The Beautiful Simplicity of Hollow Knight (and How to Improve It Even Further)

TL;DR: Hollow Knight is mainly characterized by dual-purpose design and general minimalism. A particular feature is the use of fluid builds based on charms that can be (un)equipped rather than a skill tree. However, changing builds can be too much blind trial and error while geo (the game’s currency) becomes too abundant too early in the game. One solution to this could be having the player pay geo for (un)equipping charms.

Hollow Knight is the story of a nameless bug who explores the depths of a fallen kingdom, thereby slaying countless foes with his nail and uncovering the history of the mysterious place as well as his own fate. It is a Metroidvania type of game released in 2017 and—as far as I’m concerned—one of the best (if not the best) installations of this genre so far.

One factor that makes this game so great is that it builds a lot on the concept of dual-purpose design. Dual purpose design, as the name suggests, means that one game mechanic serves two different purposes, e.g., Super Mario’s jump, which is used for platforming as well as defeating enemies. If you want to learn more about this concept, Mark Brown made a video about it for his awesome channel Game Maker’s Toolkit, from which I draw a lot of my design inspiration.

Apart from that, Hollow Knight also generally employs a rather minimalistic approach. There are only two weapons in the game and the primary weapon—the nail—can be upgraded a total of only four times. When you hit enemies with the nail, you take HP from them and at the same time gain soul (dual purpose!). Soul is used for both, healing and using one of the three spells you can collect during the game. This simple set-up has two particular effects that make Hollow Knight exciting: First, during fights, you have to decide between healing and attacking with the powerful spells. Second, when low on health (which is very limited) and out of soul, you are forced to risk approaching enemies and hitting them.

The second resource in Hollow Knight besides soul is geo, which is the kingdom’s currency. Since there are no health and magic potions to be bought (because soul), geo is exclusively used for purchasing items that let you advance in the game or make you more powerful (such as mask shards, which upgrade your health Zelda-style). Therefore, geo is essentially experience.

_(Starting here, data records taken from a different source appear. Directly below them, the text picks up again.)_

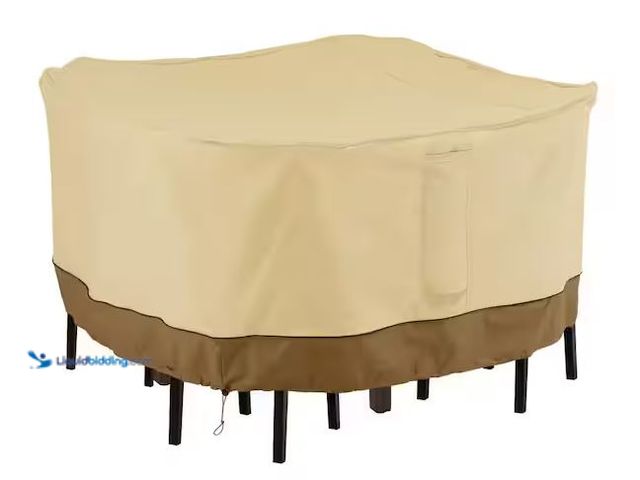 Lot 49-5486259 - Classic Accessories
Veranda 66 in. L x 66 in. W x 34 in. H Square Outdoor Patio Bar Table and Chair...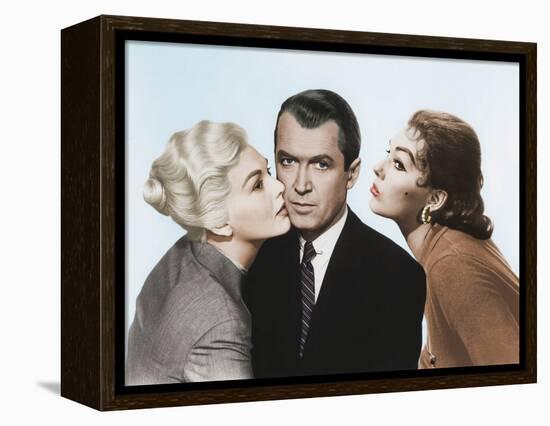 Sueurs Froides VERTIGO by AlfredHitchcock with James Stewart and Kim Novak, 1958 (photo)-null-Framed Stretched Canvas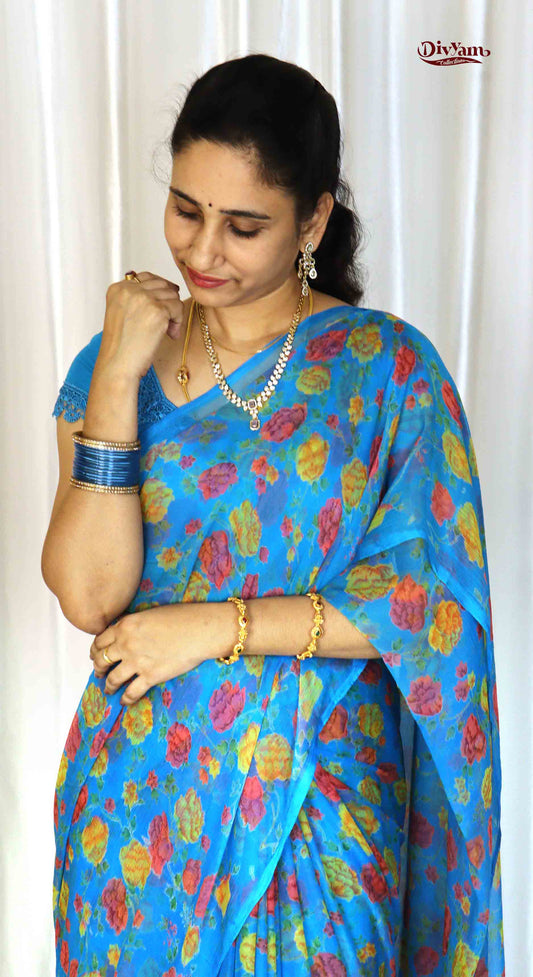 DC293 | Lightweight Original Chiffon Saree with Floral Design & Running Blouse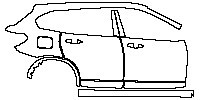 BMW X1 Standard Wheelbase 2016 - (right)Door+Side Skirt+Rear Fender
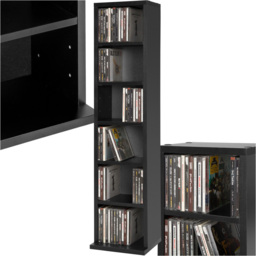 tectake Juliane 6 Shelf Black CD Shelf - Size: 90 x 21 x 20cm - Wilko - thumbnail 3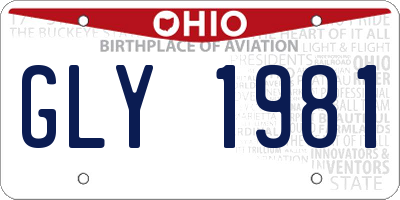OH license plate GLY1981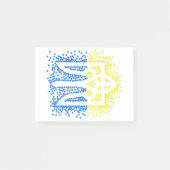 Ukrainisches Emblem trident tryzub zerstreut Herze Post-it Klebezettel (Vorderseite)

Finally, one of the most distinguishing features of Hollow Knight is the lack of a skill tree. Instead, you buy charms. These give you certain powers and upgrades—such as an increased nail range or a shield—and can be equipped and unequipped every time you rest on a bench. The number of charms you can equip at the same time, however, is limited. Charms make your build fluid, so unlike in similar games (e.g., Salt and Sanctuary), you don’t have to decide for or against a certain build early in the game. This is one of the strengths of Hollow Knight because you can (and have to) use wildly different strategies for each boss. Yet, in my opinion, it is also one of the games few weaknesses since equipping and unequipping charms before boss fights is too much trial and error and too little “living with the consequences”. The last boss fight didn’t work out? Just throw in some other charms and try a face tank. Didn’t work either? Don’t worry, I got some more charms for you!

Hollow Knight
Charms … so many charms!

Now, how would it be possible to prevent this? Let’s have a look at two potential solutions. As for the first one, I think a relatively simple design change could do the trick. What if (un)equipping charms would cost geo (starting with the second time a charm has been equipped to still facilitate some playing around)? This would solve two problems at once. First, it would prevent the blind trial and error with different builds. Second, geo becomes too abundant too early in the game. At the very beginning, you still have to pay some attention to your balance, but later, you just buy all the upgrades you can find and still have plenty in your bank account. The second solution could be simply reducing the amount of charms, but make each charm more impactful, and making geo less abundant—that would be more like the Cuphead approach. Less charms, less trial and error. Pretty straightforward, isn’t it?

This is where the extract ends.